The House of Slamming Doors is an engaging debut novel that shows quite a lot of promise, but may suffer a little from a lack of ambition. The book has a wonderfully Irish authorial voice, that tells the story with lots of yarning - largely long asides about various workers on the estate and their misadventures - that makes it persistently entertaining and easy to breeze through on reading. Mark Macauley also has a good eye for irony to cap these sequences and chapters, and shows gift for saying a lot with a single well-judged sentence rather than overlabouring a point.
The book is relatively plotless, and is a coming of age story of a young man (it would seem around 12 or 13, but the narrator's maturity seems to shift a bit) who has been born into a wealthy but highly dysfunctional family, and his struggles to deal with his parents' oscillating disinterest and contempt. Most of the focus is on dad, a Canadian expat with pretentious aspirations to play the part of the England squire complete with affected accent and denial over where his wealth has come from. In fact, one of the more obvious flaws of the novel is most readers will likely be waiting for a gentler dimension to the family patriarch, and largely be disappointed with further naked acts of petty bastardry.
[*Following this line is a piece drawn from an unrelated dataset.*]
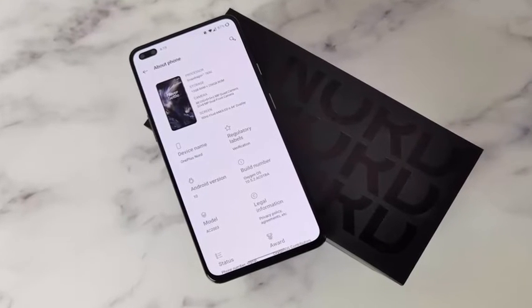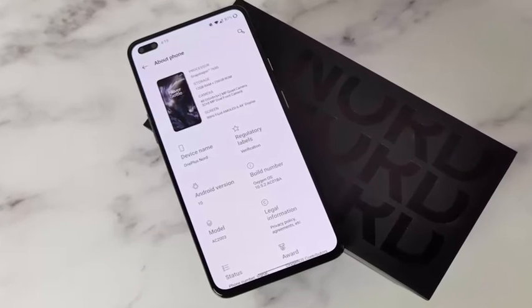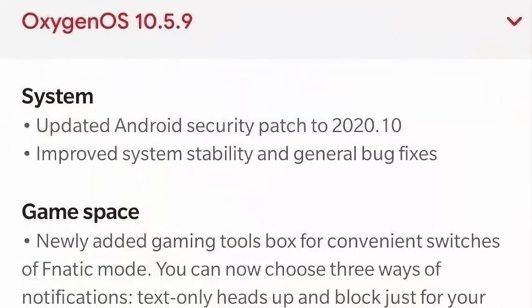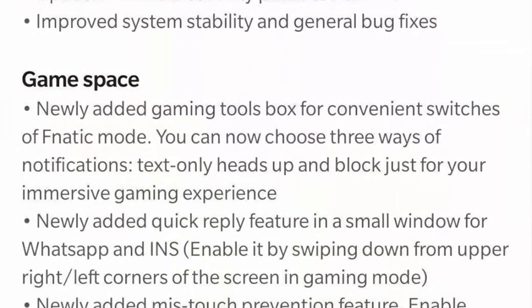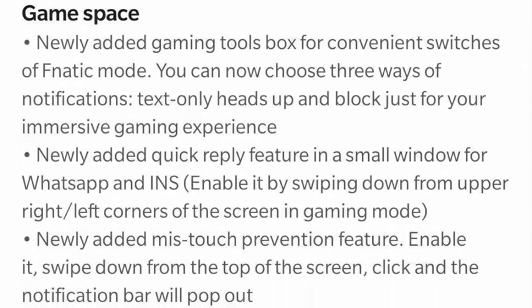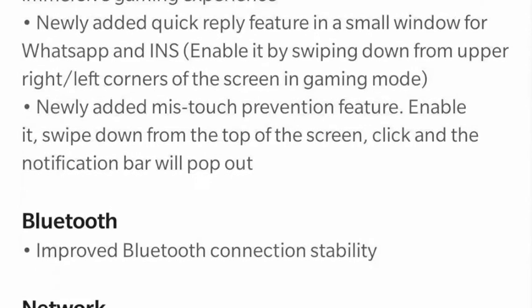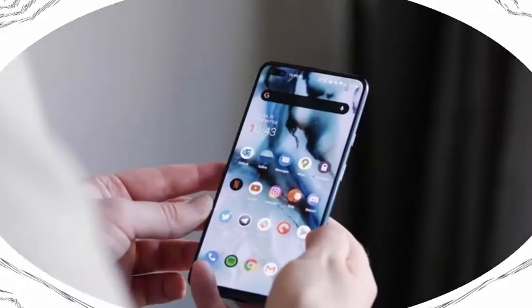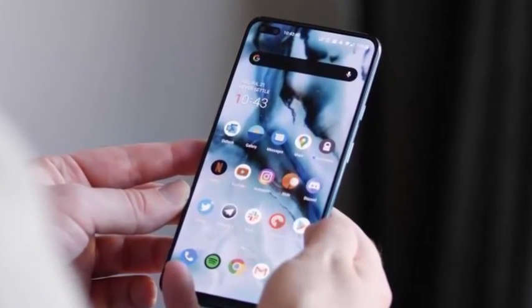OnePlus Nord has got the October security patch in the form of OxygenOS 10.5.9 for India and global variants. The update also brings new GameSpace features and optimization, like a new gaming toolbox and a convenient switcher for fanatic mode. It also improves Bluetooth connection and network stability, along with general bug fixes and improved system stability.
The book is narrated in first person, presumably as a reminiscence, athough our narrator doesn't diverge from the story by telling us of any events that have happened after the events in the storyline, just lengthy diversions into the pasts of the characters. Interestingly there are sections written in italics that provide the perspective of other characters - these sequences are well judged for providing dramatic irony, but unfortunately are probably the book's biggest wasted opportunity. They tend to jump detached from one character to another, and be concerned with exposition and surprises. Having such a strong and opinionated voice for the narrator, providing little chapters from another POV with equally defined character voices could have brought a lot of depth to the story. As it is, unfortunately, these sequences tend to more often further flatten characters rather than expand them.
So The House of Slamming Doors is a simple story that is fairly well told and a technically solid book, wonderfully Irish in its humour and illustrating a world most of us don't know, but it doesn't quite have the substance to be an instant recommendation.